RoofNet: A Global Multimodal Dataset for Roof Material Classification
This dataset fills a critical gap in global exposure data for disaster risk modeling, enabling more accurate vulnerability assessments for earthquakes, floods, wildfires, and hurricanes.
RoofNet introduces the largest and most geographically diverse multimodal dataset for roof material classification, comprising over 51,500 samples from 184 sites, to address the lack of global roof material data for natural hazard vulnerability modeling. The dataset pairs satellite imagery with text annotations and uses vision-language modeling with prompt tuning to classify 14 roofing types.

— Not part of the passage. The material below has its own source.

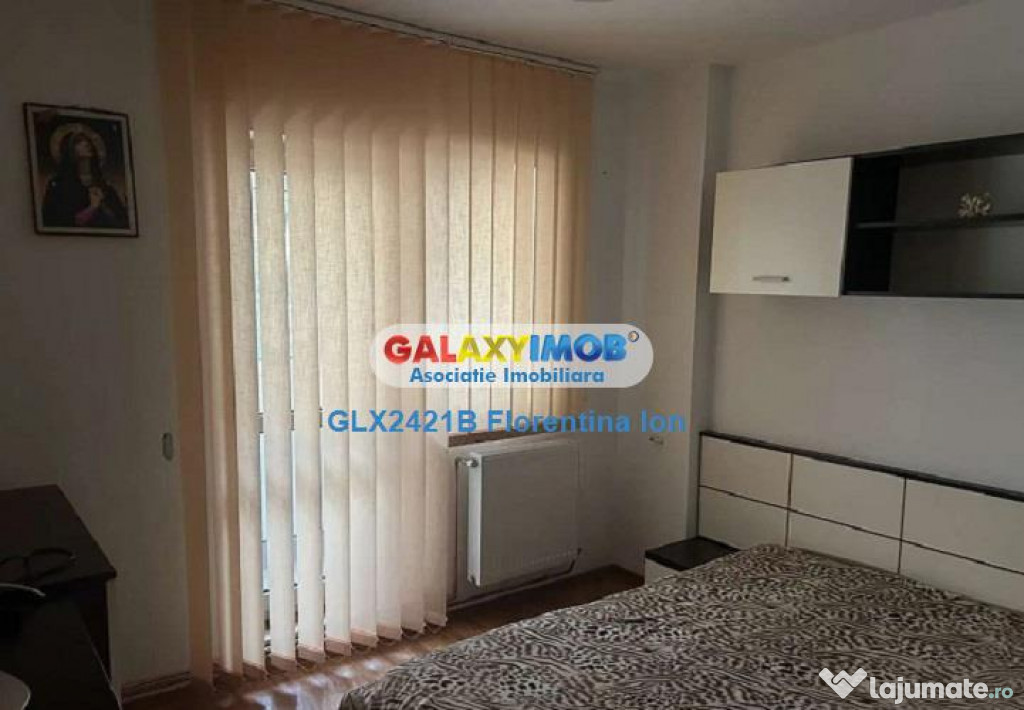 9032 Apartament 2 camere Drumul Taberei-Ghencea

Natural disasters are increasing in frequency and severity, causing hundreds of billions of dollars in damage annually and posing growing threats to infrastructure and human livelihoods. Accurate data on roofing materials is critical for modeling building vulnerability to natural hazards such as earthquakes, floods, wildfires, and hurricanes, yet such data remain unavailable. To address this gap, we introduce RoofNet, the largest and most geographically diverse novel multimodal dataset to date, comprising over 51,500 samples from 184 geographically diverse sites pairing high-resolution Earth Observation (EO) imagery with curated text annotations for global roof material classification. RoofNet includes geographically diverse satellite imagery labeled with 14 key roofing types and is designed to enhance the fidelity of global exposure datasets through vision-language modeling (VLM). We sample EO tiles from climatically and architecturally distinct regions to construct a representative dataset. A subset of 6,000 images was annotated in collaboration with domain experts to fine-tune a VLM. We used geographic- and material-aware prompt tuning to enhance class separability. The fine-tuned model was then applied to the remaining EO tiles, with predictions refined through rule-based and human-in-the-loop verification. In addition to material labels, RoofNet provides rich metadata including roof shape, footprint area, solar panel presence, and indicators of mixed roofing materials (e.g., HVAC systems). The dataset used in earlier experiments has been removed due to licensing constraints related to imagery sources. Results based on this dataset should be interpreted with caution. Updated experiments using compliant data are in progress.